Exchange Replication
Building on the redundant storage project, we also wanted to replicate Exchange to a remote datacenter for disaster recovery purposes. We’ve been using EMC CLARiiON MirrorView/A and Replication Manager for various applications up to now and decided we’d use NetApp/SnapMirror for Exchange to leverage the additional hardware as well as a way to evaluate NetApp’s replication functionality vs EMC’s.
On EMC Clariion storage, there are a couple choices for replicating applications like Exchange.
1.) Use MirrorView/Async with Consistency Groups to replicate Exchange databases in a crash-consistent state.
2.) Use EMC Replication Manager with Snapview snapshots and SANCopy/Incremental to update the remote site copy.
Similar to EMC’s Replication Manager, NetApp has SnapManager for various applications, which coordinates snapshots, and replica updates on a NetApp filer.
Whether using EMC RM or NetApp SM, software must be installed on all nodes in the Exchange cluster to quiesce the databases and initiate updates.
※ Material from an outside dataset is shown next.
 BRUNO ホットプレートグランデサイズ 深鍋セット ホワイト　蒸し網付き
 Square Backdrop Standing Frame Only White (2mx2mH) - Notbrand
The advantage of Consistency groups with MirrorView is that no software needs to be installed in the host; all work is performed within the storage array. The advantage of RM and SM/E is that database consistency is verified on each update and the software can coordinate restoring data to the same or alternate servers, which must be done manually if using MirrorView.
NetApp doesn’t support consistent snapshots across multiple volumes so the only option on a Filer is to use SnapManager for Exchange to coordinate snapshots and SnapMirror updates.
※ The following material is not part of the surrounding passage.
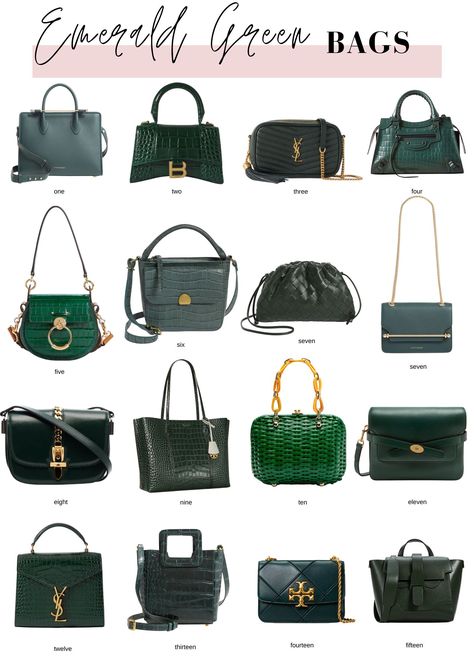 Emerald Handbags Emerald Green Handbag, Green Handbag Outfit, Emerald Green Purse, Green Purse Outfit, Green Bag Outfit, Green Handbags, Purse Outfit, Green Handbag, Green Purse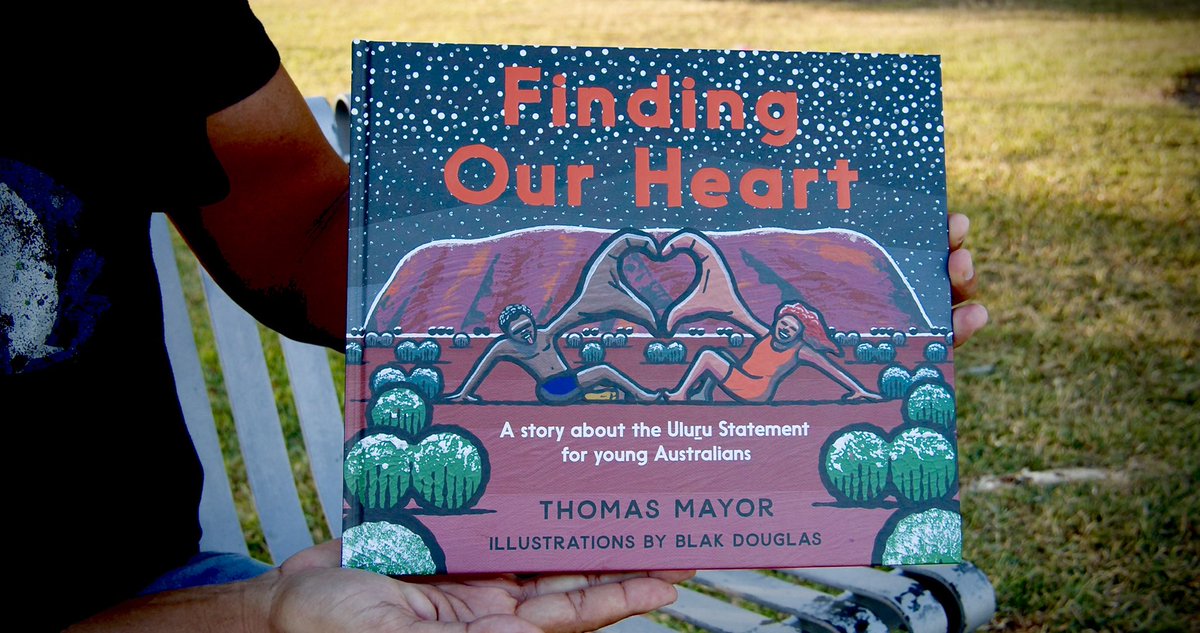 Finding Our Heart was published in June.It‘s for 5-10 yo’s, though it’s great for ppl of all ages. The inspiration for the book was observing how kids teach parents. & also, as a parent of 5 kids, how I love reading progressive books to them. Blak Douglas illustrated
Our first attempt configuring SnapManager for Exchange actually failed when we ran into a compatibility issue with SnapDrive. SnapManager depends on SnapDrive for mapping LUNs between the host and filer, and to communicate with the filer to create snapshots, etc. We’d discussed our environment with NetApp and IBM ahead of time, specifically that we have Exchange CCR running on VMWare, with FiberChannel LUNs and everyone agreed that SnapDrive supports VMWare, Exchange, Microsoft Clustering, and VMWare Raw Devices. It turns out that SnapDrive 6 DOES support all of this, but not all at the same time. Specifically, MSCS clustering is not supported with FC Raw Devices on VMWare. In comparison, EMC’s Replication Manager has supported this configuration for quite a while. After further discussion NetApp confirmed that our environment was not supported in the current version of SnapDrive (6.0.2) and that SnapDrive 6.2, which was still in Beta, would resolve the issue.
Fast forward a couple months, SnapDrive 6.2 has been released and it does indeed support our environment so we’ve finally installed and configured SnapDrive and SnapManager. We’ve dedicated the EMC side of the Exchange environment for the active nodes and the IBM for the passive nodes. SnapManager snapshots the passive node databases, mounts them to run database verification, then updates the remote mirror using SnapMirror.
While SnapManager does do exactly what we need it to do, my experience with it hasn’t been great so far… First, SnapManager relies on Windows Task Scheduler to run scheduled jobs, which has been causing issues. The job will run on its schedule for a day, then stop after which the task must be edited to make it run again. This happens in the lab and on both of our production Exchange clusters. I also found a blog post about this same issue from someone else.
The other issue right now is that database verification takes a long time, due to the slow speed of ESEUTIL itself. A single update on one node takes about 4 hours (for about 1TB of Exchange data) so we haven’t been able to achieve our goal of a 2-hour replication RPO. IBM will be onsite next week to review our status and discuss any options. An update on this will follow once we find a solution to both issues. In the meantime I will post a comparison of replication tools between EMC and NetApp soon.